2.) Ein Beförderungsunternehmen trifft die vertragliche Nebenpflicht, die Sicherheit seiner Fahrgäste zu gewährleisten (RIS-Justiz RS0021735), was auch die Verpflichtung umfasst, Zugänge oder Abgänge zu bzw von den Verkehrsmitteln in einem Zustand zu erhalten, der die gefahrlose Benützung ermöglicht (2 Ob 35/97d ua). Ebenso wie die deliktische ist auch die vertragliche Verkehrssicherungspflicht nicht zu überspannen (RIS-Justiz RS0023487). Sie soll keine vom Verschulden unabhängige Haftung des Sicherungspflichtigen zur Folge haben (RIS-Justiz RS0023950). Die Verkehrssicherungspflicht findet ihre Grenzen in der Zumutbarkeit möglicher Maßnahmen der Gefahrenabwehr (RIS-Justiz RS0023397). Umfang und Intensität von Verkehrssicherungspflichten richten sich danach, in welchem Maß die Verkehrsteilnehmer selbst vorhandene Gefahren erkennen und ihnen begegnen können (RIS-Justiz RS0023726).

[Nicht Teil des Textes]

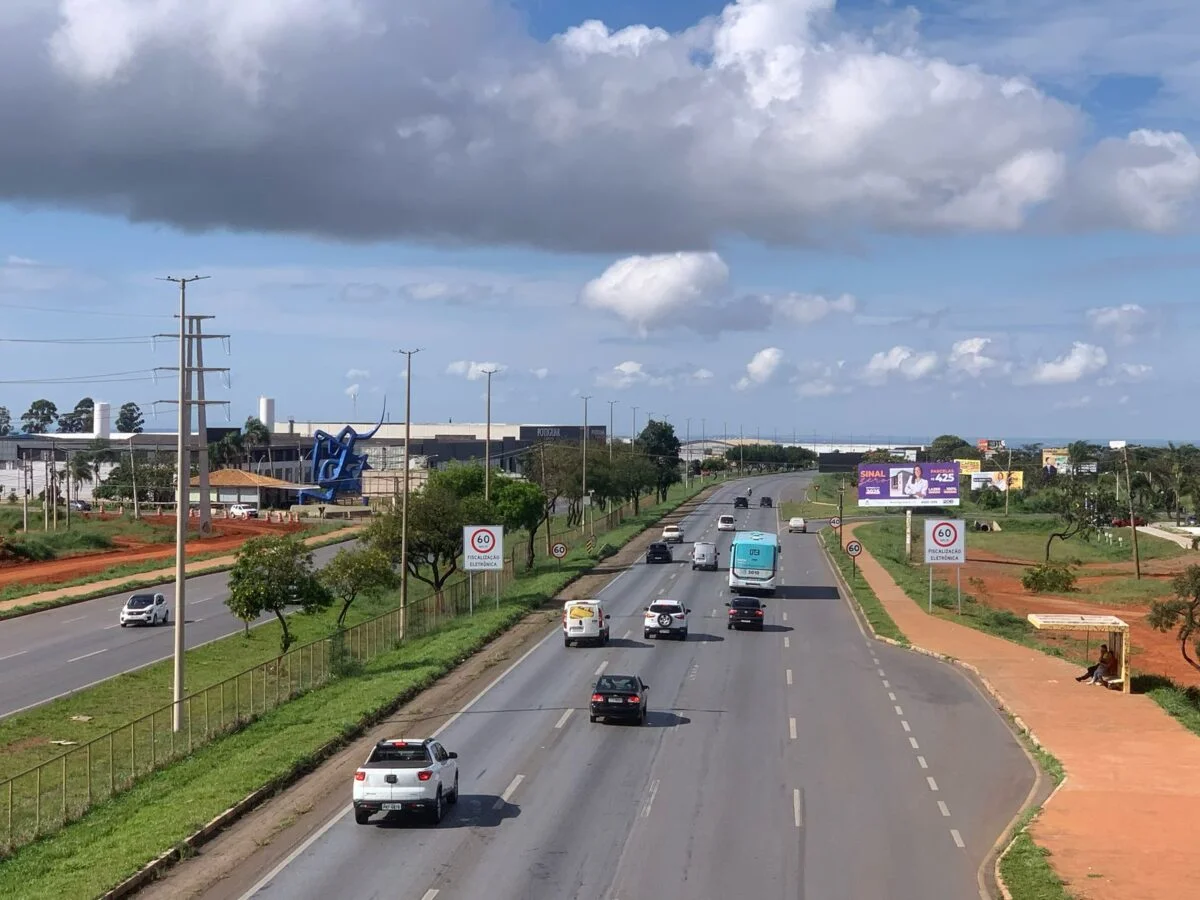 Tr&acirc;nsito em uma cidade com v&aacute;rios tipos de ve&iacute;culos.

3.) Der konkrete Inhalt einer Verkehrssicherungspflicht hängt von den Umständen des Einzelfalls ab (RIS-Justiz RS0110202), was genauso für die vertragliche Verkehrssicherungspflicht des beklagten Beförderungsunternehmens gilt (5 Ob 145/07w). Die Entscheidung des Berufungsgerichts wäre daher nur im Fall einer vom Obersten Gerichtshof zu korrigierenden Fehlbeurteilung revisibel. Das trifft bei den festgestellten Kontroll- und Reinigungsmaßnahmen nicht zu. Die sehr große und stark frequentierte U-Bahnstation wird sowohl während des Tages als auch während der Nacht kontrolliert und gründlich gereinigt. Einmal pro Woche findet eine Nassreinigung statt, die im konkreten Fall in der Nacht vor dem Unfalltag vorgenommen wurde. Eine lückenlose, ununterbrochene Kontrolle und Reinigung der U-Bahnstation, die eine völlige Freiheit von verschmutzten, rutschigen Stellen garantieren würde, hat das Berufungsgericht in vertretbarer Weise als unzumutbare Überspannung einer Verkehrssicherungspflicht gewertet. Eine Verunreinigung des Bodens durch Hundekot tritt nach dem festgestellten Sachverhalt in dieser U-Bahnstation durchschnittlich rund einmal täglich auf, was nicht zur Annahme einer besonderen Gefahrenquelle zwingt, die zusätzliche Sicherungsmaßnahmen indiziert hätte.

Da die Revision der Klägerin keine erhebliche Rechtsfrage aufzeigt, ist sie als unzulässig zurückzuweisen.

Die Kostenentscheidung gründet sich auf die §§ 41, 50 Abs 1 ZPO.